A route describes the order of operations that is required in order to produce a product or product variant. For each operation, the route also defines the operations resources that are required, the time that is required in order to set up and perform the operation, and how the cost should be calculated. You can use the same route to produce multiple products, or you can define a unique route for each product or product variant. You can even have multiple routes for the same product. In this case, the route that is used varies, depending on factors such as the quantity that must be produced. The definition of a route in Supply Chain Management consists of four separate elements that, together, describe the production process:
- Route – A route defines the structure of the production process. In other words, it defines the order of operations.
- Operation – An operation identifies a named step in a route, such as Assembly. The same operation can occur in multiple routes and can have different operation numbers.
- Operation relation – An operation relation defines the operational properties of an operation, such as the setup time and run time, cost categories, consumption parameters, and resource requirements. The operation relation enables the operational properties of an operation to vary, depending on the route that the operation is used in or the products that are being produced.
- Route version – A route version defines the route that is used to produce a product or product variant. Route versions enable routes to be reused across products or changed over time. They also enable different routes to be used to produce the same product. In this case, the route that is used depends on factors such as the location or the quantity that must be produced.

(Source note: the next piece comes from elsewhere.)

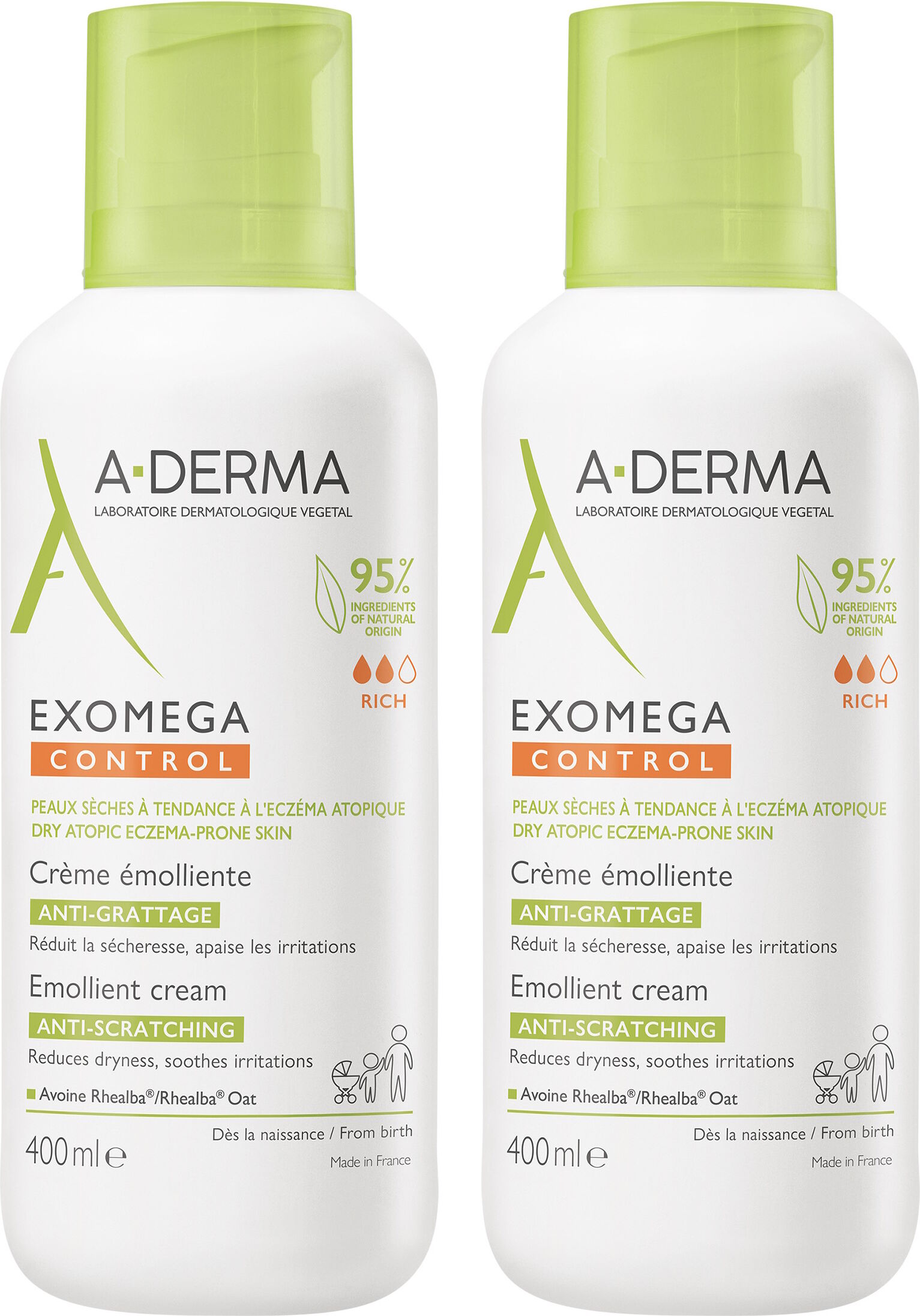 A-Derma Exomega CONTROL Cream 400 ml DUO sampak 2 x 400 ml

A route describes the order of operations that is used to produce a product or product variant. Each operation is assigned an operation number and a successor operation. The order of operations forms a route network that can be represented by a directed chart that has one or more starting points and a single end point. In Supply Chain Management, routes are distinguished based on the type of structure. The two types of routes are simple routes and route networks. In the Production control parameters, you can specify whether only simple routes can be used, or whether the more complex route networks can be used.

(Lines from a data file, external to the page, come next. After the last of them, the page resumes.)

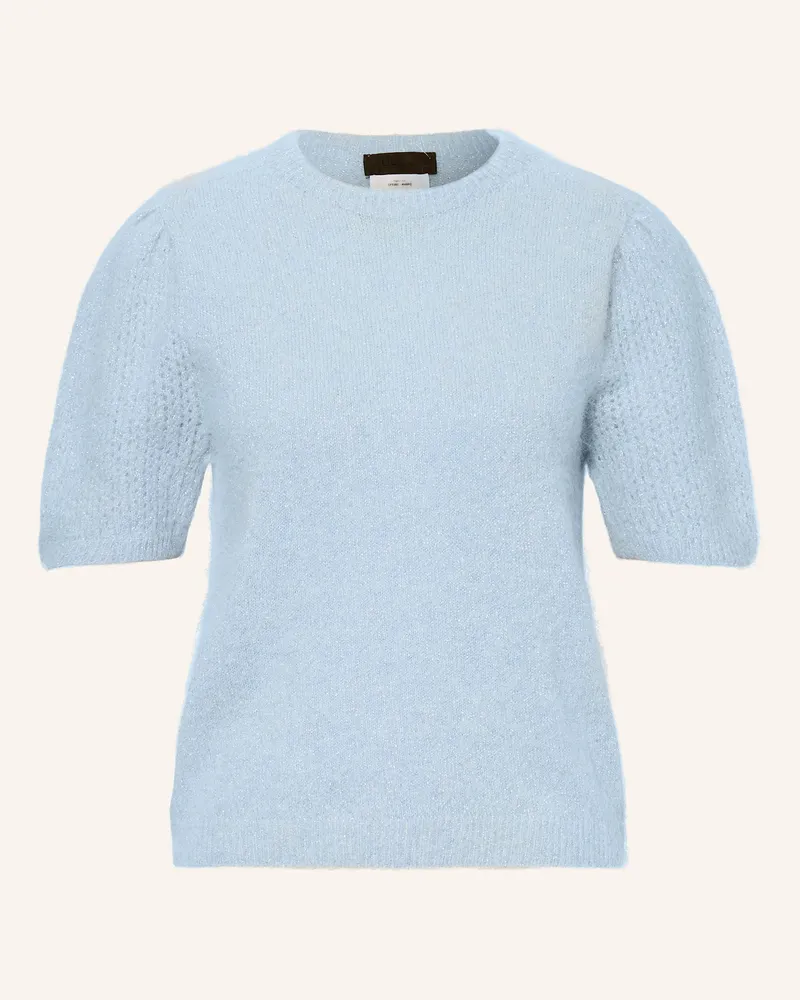 Liu Jo Strickshirt mit Alpaka Hellblau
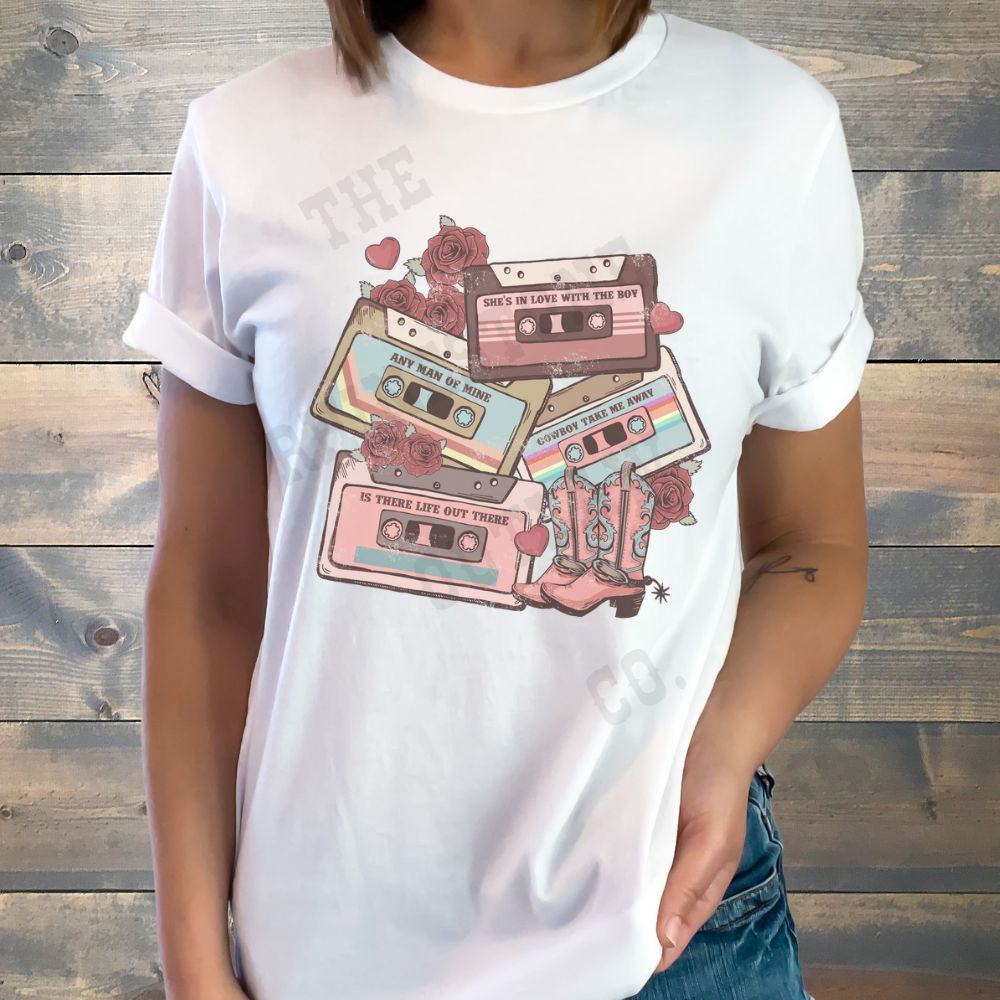 90's Country Valentine's Tee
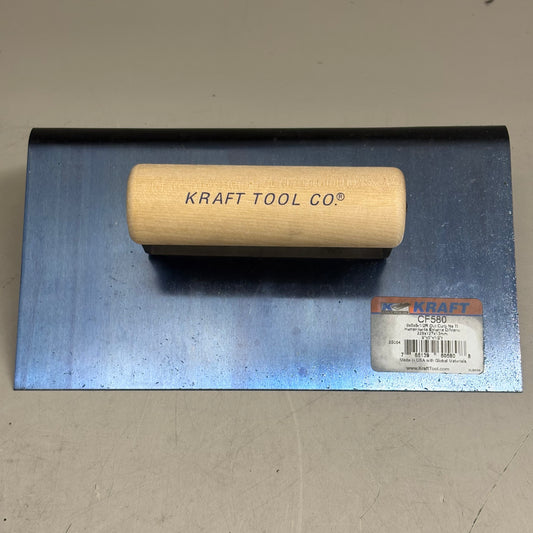 KRAFT TOOL CO Outside Curb Nose Tool with Wood Handle 9" x 5" x 5" 1/2"R CF580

A simple route is sequential, and there is only one starting point for the route.
If you enable only simple routes in the Production control parameters, Supply Chain Management automatically generates the operation numbers (10, 20, 30, and so on) when you define the route.
If you enable the more complex route networks in the Production control parameters, you can define routes that have multiple starting points and operations that can be run in parallel.

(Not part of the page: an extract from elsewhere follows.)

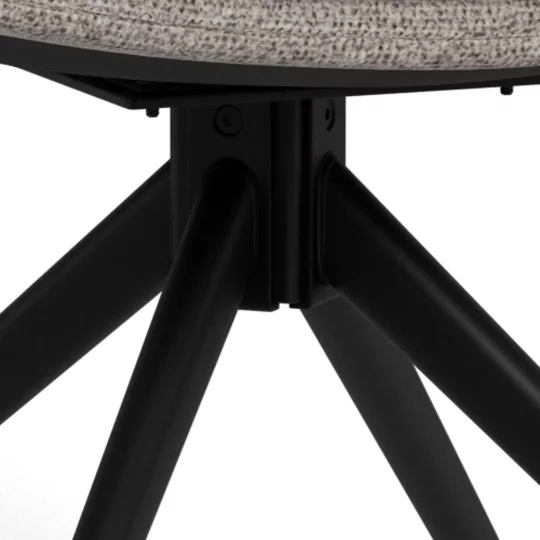 Krzesło tapicerowane ELIO szarobeżowe - Zdjęcie 8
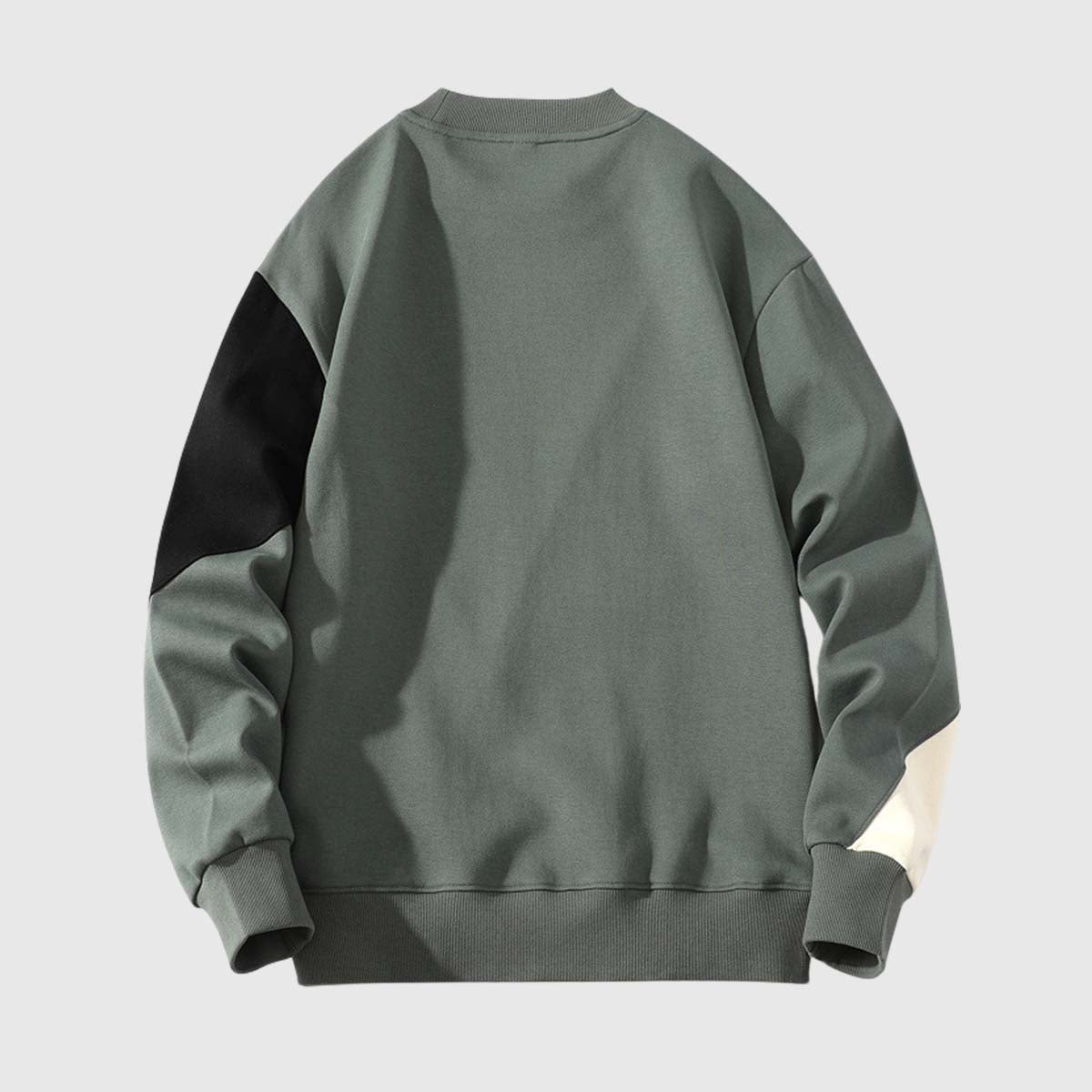 Geometric Splice Sweatshirt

- Each operation can have only one successor operation, and the entire route must end in a single operation.
- This does not ensure that multiple operations that have the same successor operation (for example, operations 30 and 40 in the preceding illustration) will actually be run in parallel. The availability and capacity of resources might put constraints on the way that operations are scheduled.
- You can't use 0 (zero) as the operation number. That number is reserved and is used to specify that the last operation in the route has no successor operation.
Sometimes, a combination of multiple operations resources that have different characteristics is required in order to perform an operation. For example, an assembly operation might require a machine, a tool, and one worker for every two machines to oversee the operation. This example can be modeled by using parallel operations, where one operation is designated as the primary operation and the others are secondary.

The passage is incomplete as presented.